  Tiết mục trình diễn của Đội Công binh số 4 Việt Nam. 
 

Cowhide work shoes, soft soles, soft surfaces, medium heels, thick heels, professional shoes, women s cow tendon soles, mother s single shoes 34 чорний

* * *

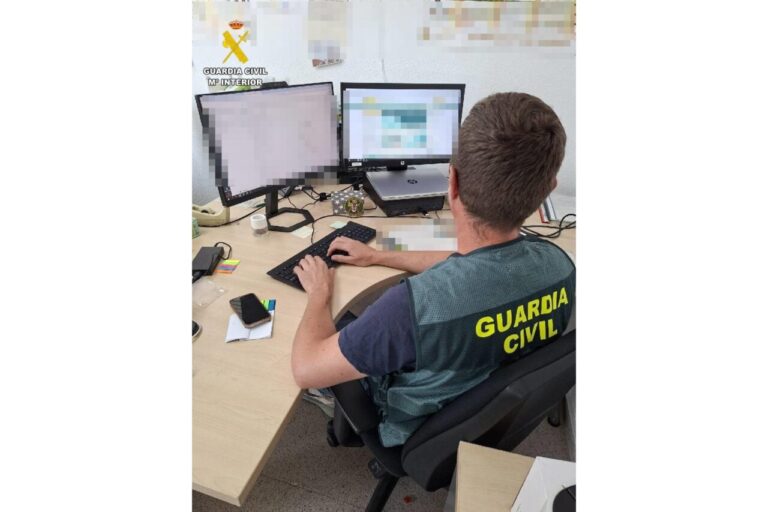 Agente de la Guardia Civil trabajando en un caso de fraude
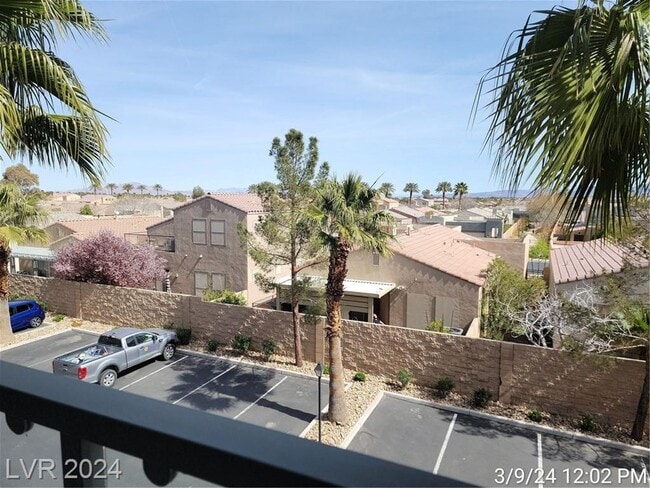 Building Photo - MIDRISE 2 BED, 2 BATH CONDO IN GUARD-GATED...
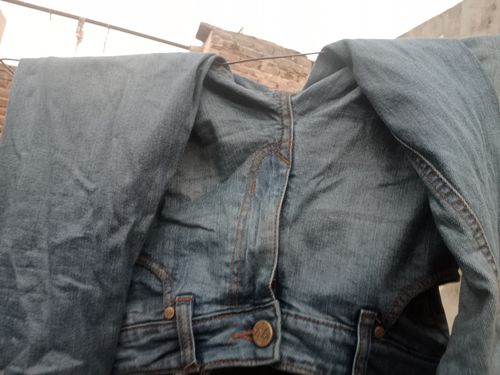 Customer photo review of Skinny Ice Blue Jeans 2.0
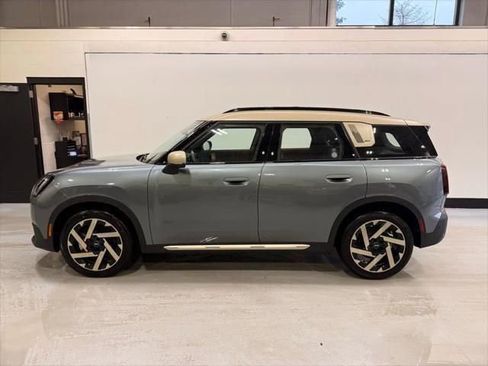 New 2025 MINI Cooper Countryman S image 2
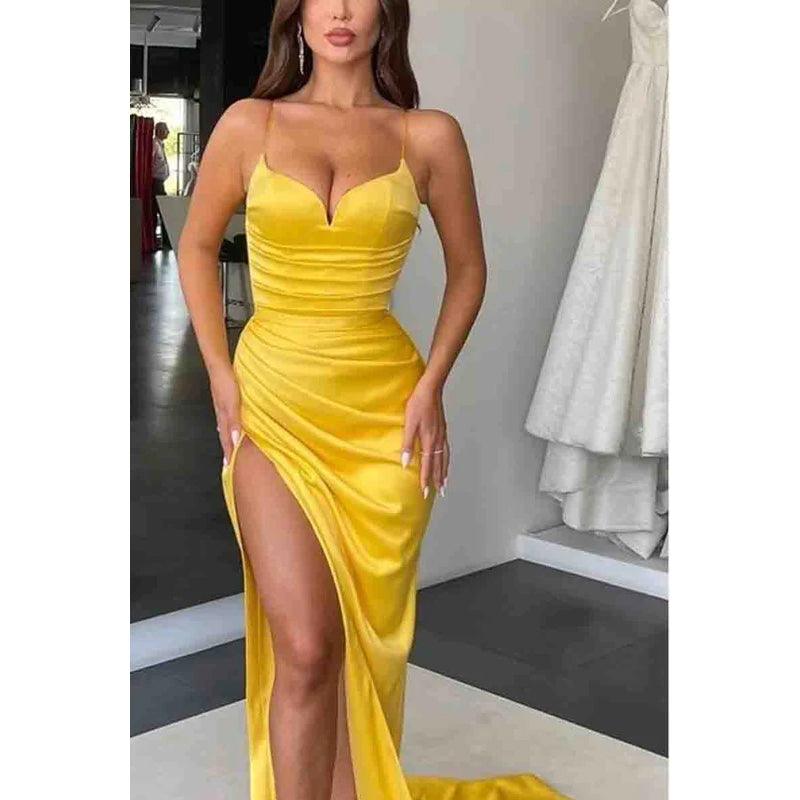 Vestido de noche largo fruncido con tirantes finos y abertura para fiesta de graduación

Problem to solve | Using the data above, print only the lines starting at the one with "New 2025 MINI Cooper Countryman S image 2" and ending at the one with "Vestido de noche", exactly as they stand, minus the pictures.

Solution to this problem |
 New 2025 MINI Cooper Countryman S image 2
 Vestido de noche largo fruncido con tirantes finos y abertura para fiesta de graduación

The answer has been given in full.